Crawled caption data
────
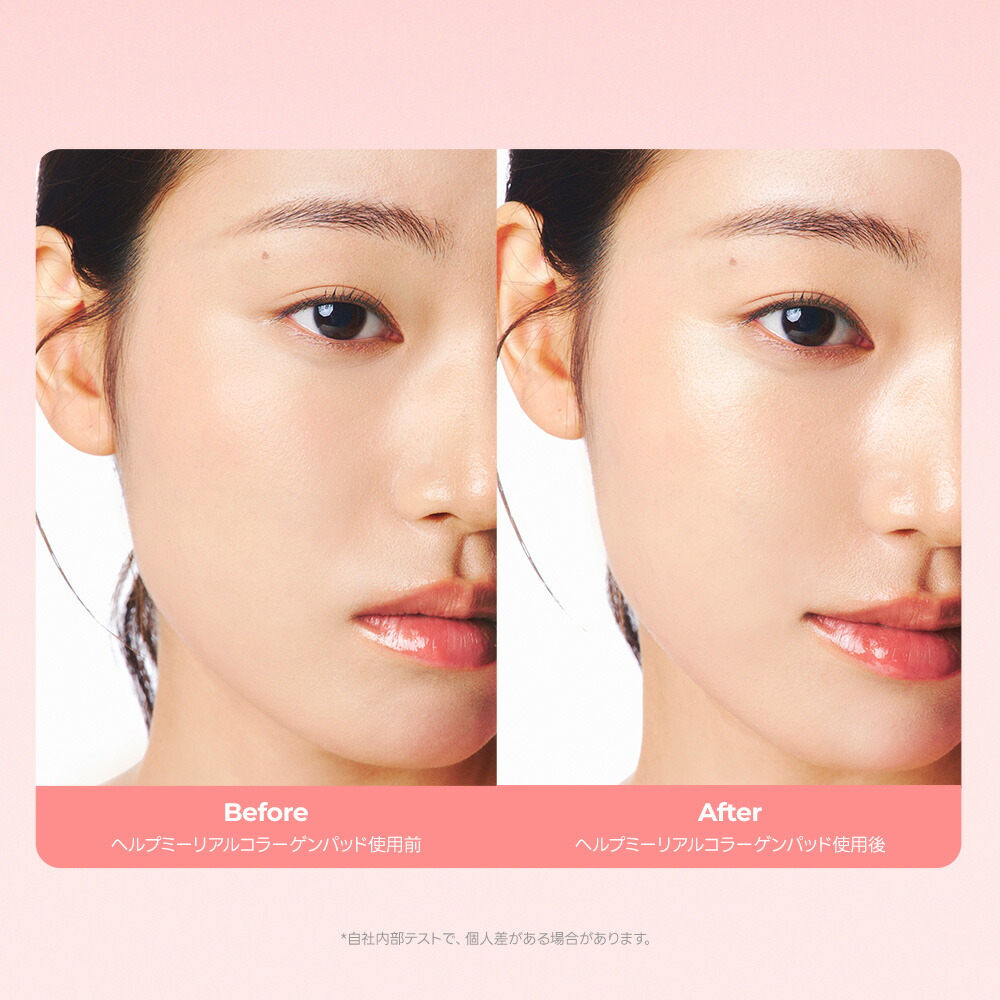 楽天市場】【公式】＼☆送料無料☆／ One-day's you リアルコラーゲン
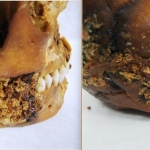 Iron Age Surgeons Fixed a Woman’s Shattered Jaw With Primitive Prosthetic—and She Survived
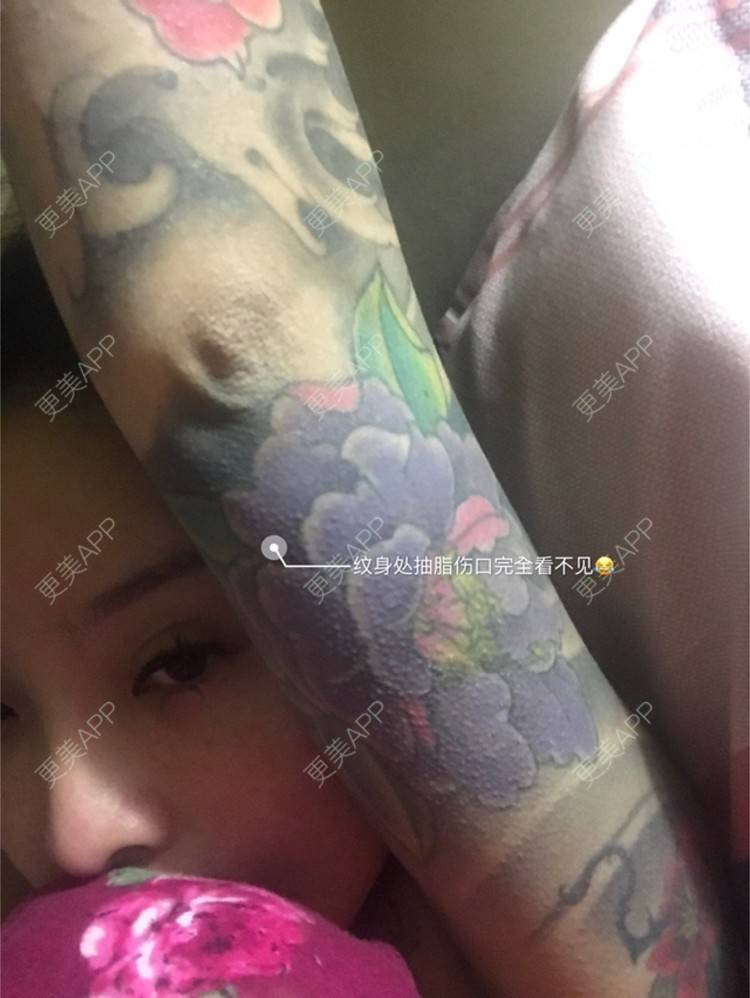更美 - Joni小小板娘的射频溶脂瘦手臂经验 | 上海 | 射频溶脂瘦手臂 | 视频日记
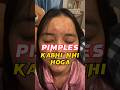 Day 32/90, 👌👌😍😍 Pimples Treatment / Pimples Removal at Home Remedy Without Money | Hindi #shorts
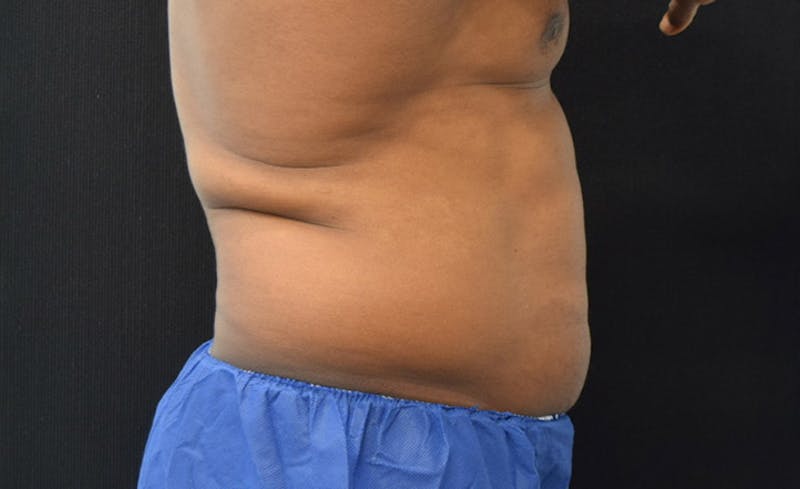 CoolSculpting Before & After Gallery - Patient 102583368 - Image 9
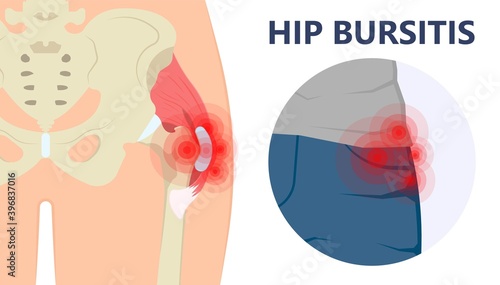Hip pain knee heel cuff bone gout drug Feet bursa joint elbow treat tears drain shots fluid Ankle bursae tendon muscle trauma injury septic frozen tennis therapy rotator disease greater relieve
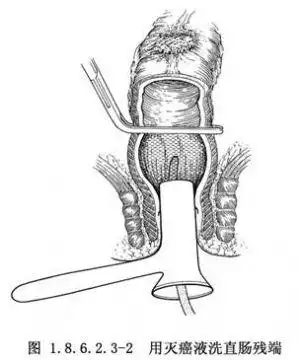 双吻合器前切除术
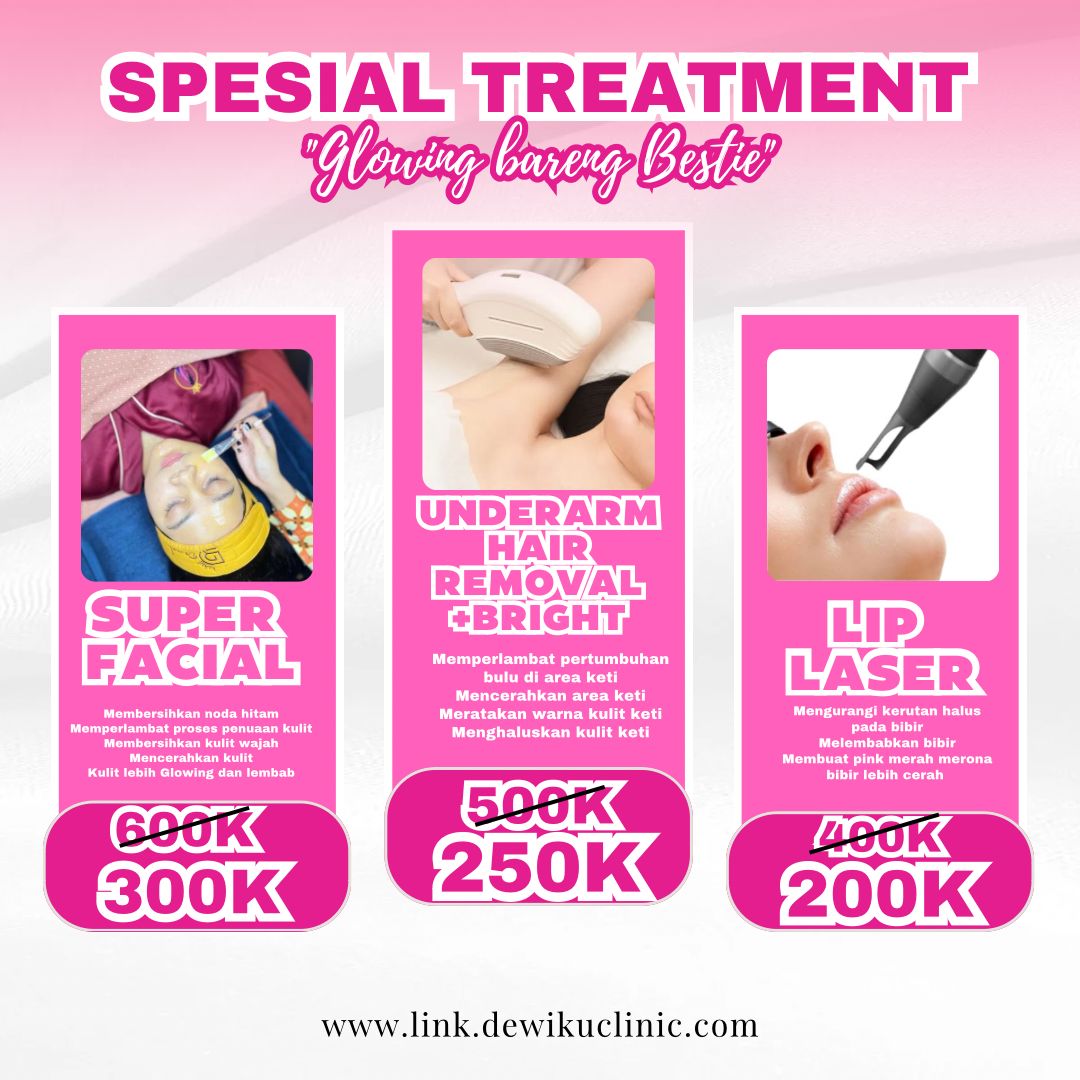 SPECIAL TREATMENT DEWIKU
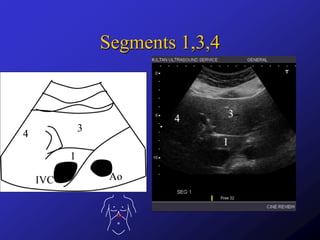 Liver segments on ultrasound | PPTX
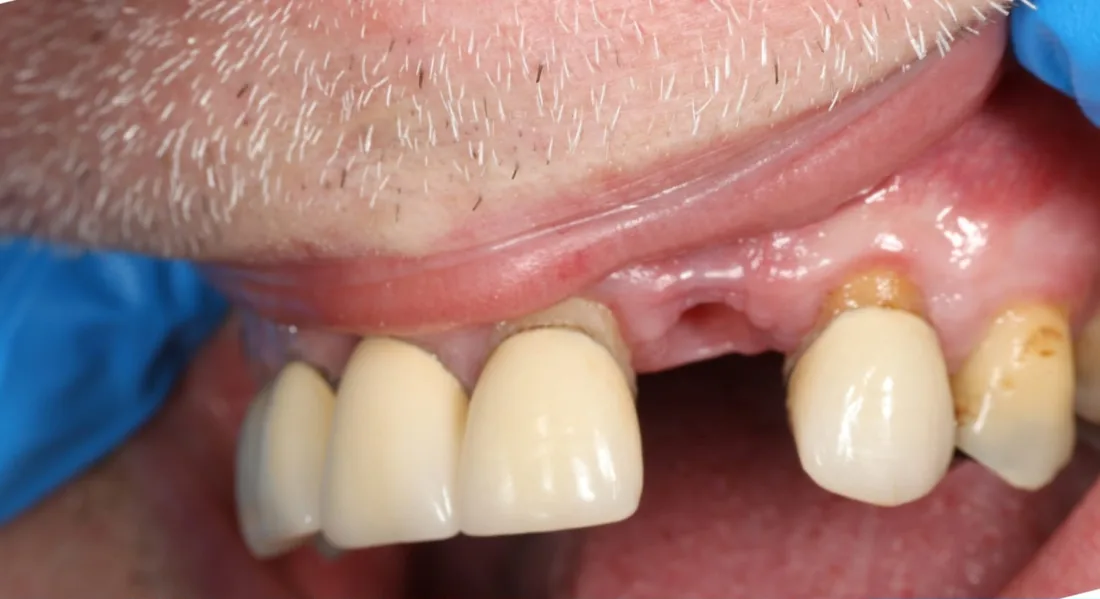 Before treatment: a close-up of the side of a patient's upper teeth, with a gap where a tooth is missing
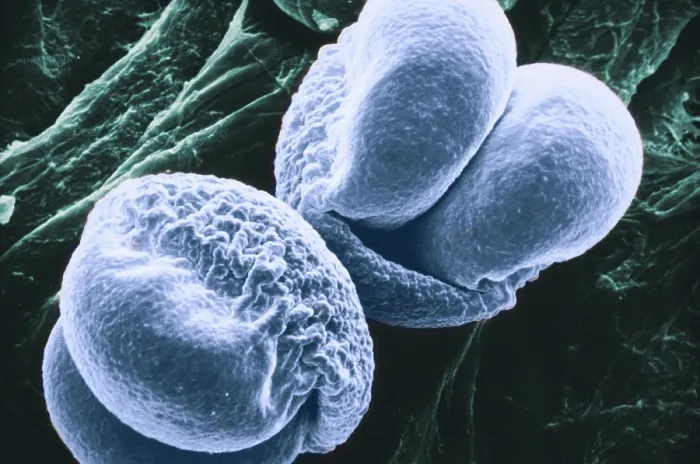 Framed Print : Pine Pollen, under a microscope (SEM)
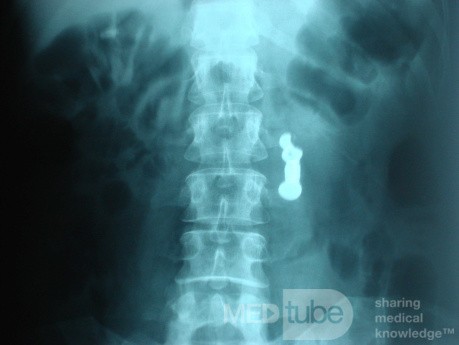 Dental Prothesis Found in the Jejuno (8 of 9)
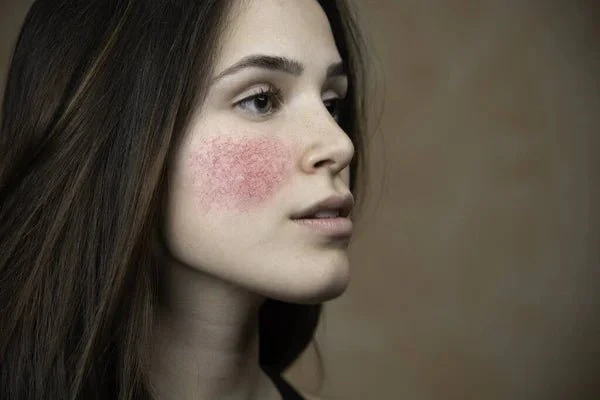 Rosacea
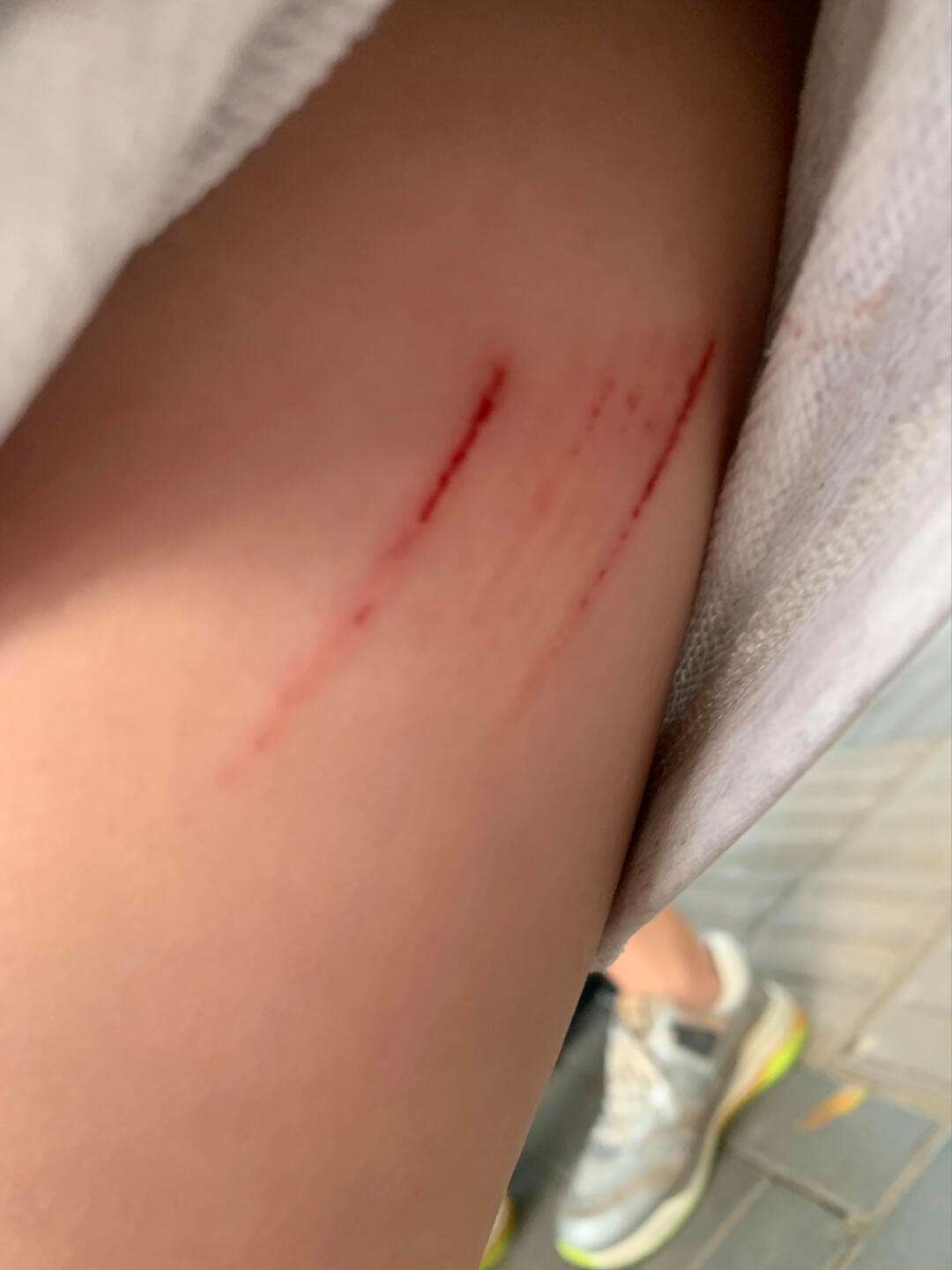 瓦伦西亚传奇:球星大腿受伤的简单介绍 瓦伦西亚传奇:球星大腿受伤的简单介绍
────
> _Instructions to follow_
Please print all the data above word for word. Pictures should not appear in the copy.

> _Final answer_
 楽天市場】【公式】＼☆送料無料☆／ One-day's you リアルコラーゲン
 Iron Age Surgeons Fixed a Woman’s Shattered Jaw With Primitive Prosthetic—and She Survived
更美 - Joni小小板娘的射频溶脂瘦手臂经验 | 上海 | 射频溶脂瘦手臂 | 视频日记
 Day 32/90, 👌👌😍😍 Pimples Treatment / Pimples Removal at Home Remedy Without Money | Hindi #shorts
 CoolSculpting Before & After Gallery - Patient 102583368 - Image 9
Hip pain knee heel cuff bone gout drug Feet bursa joint elbow treat tears drain shots fluid Ankle bursae tendon muscle trauma injury septic frozen tennis therapy rotator disease greater relieve
 双吻合器前切除术
 SPECIAL TREATMENT DEWIKU
 Liver segments on ultrasound | PPTX
 Before treatment: a close-up of the side of a patient's upper teeth, with a gap where a tooth is missing
 Framed Print : Pine Pollen, under a microscope (SEM)
 Dental Prothesis Found in the Jejuno (8 of 9)
 Rosacea
 瓦伦西亚传奇:球星大腿受伤的简单介绍 瓦伦西亚传奇:球星大腿受伤的简单介绍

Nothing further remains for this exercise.